Un avion sans elle23 décembre 1980, sur le Mont Terrible dans le Jura s'écrase un airbus 5403 venu d'Istanbul, aucun survivant à part une petite fille de 3 mois. Seul problème, les enquêteurs n'arrivent pas à déterminer à quelle famille appartient la petite Libellule tombée du ciel. Est-ce la petite fille de Léonce et Mathilde de Carville, famille bourgeoise richissime ? Ou est-ce la petite fille de Pierre et Nicole Vitral, couple populaire tenant une friterie ambulante à Dieppe ? Est-ce Lyse-Rose ou Emilie ?
Dix-huit ans plus tard, la justice a tranché et c'est Emilie Vitral avec son frère Marc que l'on retrouve à Paris. Le détective de l'époque Crédule Grand-Duc remet à Lylie, son carnet d'enquête...

J'avoue avoir été attirée par le résumé dès le départ, comment le doute pouvait persister dix-huit ans après le crash ? Michel Bussi nous fait entrer très vite dans le vif du sujet avec le récit du crash et pose les bases de l'intrigue. Les preuves, ou plutôt l'absence de preuves, pour déterminer la famille de la petite Libellule se fait cruellement ressentir. Un des atouts du roman est que l'histoire se situe en 1980, époque à laquelle les caméras, téléphones portables et toutes les technologies actuelles n'étaient pas encore présentes, tout comme les progrès scientifiques, notamment en matière de preuve et d'ADN. Ce qui permet de rendre totalement crédible l'incertitude sur l'identité de Lylie.

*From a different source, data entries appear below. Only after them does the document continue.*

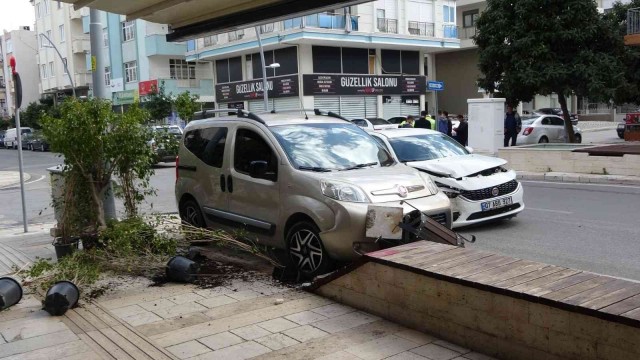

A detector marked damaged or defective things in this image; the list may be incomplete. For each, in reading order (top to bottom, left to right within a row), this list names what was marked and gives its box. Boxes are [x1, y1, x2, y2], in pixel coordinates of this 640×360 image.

crashed white sedan [370, 128, 524, 226]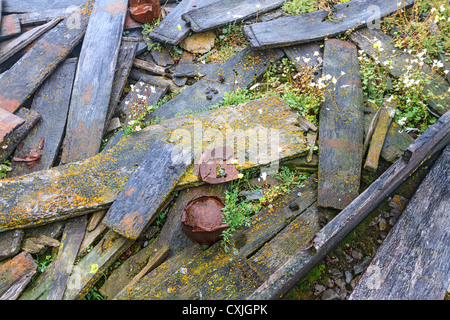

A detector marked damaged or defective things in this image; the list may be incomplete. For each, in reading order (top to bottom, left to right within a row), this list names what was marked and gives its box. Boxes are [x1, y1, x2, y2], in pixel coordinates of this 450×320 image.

rusty metal container [129, 0, 161, 24]
rusty metal container [180, 195, 229, 245]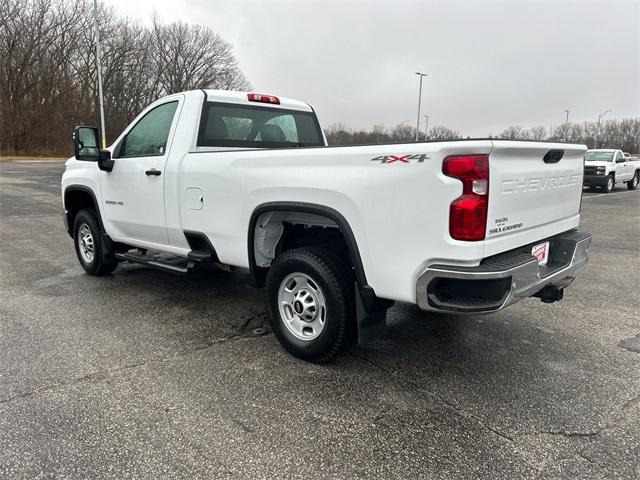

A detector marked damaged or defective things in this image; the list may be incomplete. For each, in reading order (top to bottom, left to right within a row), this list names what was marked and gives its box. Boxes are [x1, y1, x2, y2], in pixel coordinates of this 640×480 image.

Le roman est construit de façon plutôt classique, d'un côté on lit le journal de Crédule Grand-Duc résumant son enquête, de l'autre on suit la course effrénée de Marc qui cherche à retrouver Emilie et essaye en même temps de résoudre le mystère de cette affaire, qui est loin d'être résolue.
L'intrigue évolue crescendo, pour finir par s'accélérer dans les 200 dernières pages. L'écriture de Michel Bussi est assez simple mais reste convaincante, distillant du suspense au fil des pages, arrêtant les chapitres sur des cliffhangers forçant le lecteur à continuer sa lecture.
J'ai beaucoup apprécié les personnages, bien sûr Lylie et la relation ambiguë qu'elle et Marc entretiennent, Malvina, la petite fille de trente ans qui n'a pas grandit, sa folie mais aussi sa détresse. Crédule Grand-Duc dont la personnalité se révèle au fil des pages de son journal. J'émets toutefois une petite réserve concernant Marc, personnage agréable mais dont la personnalité un peu timorée ne m'a pas trop plu.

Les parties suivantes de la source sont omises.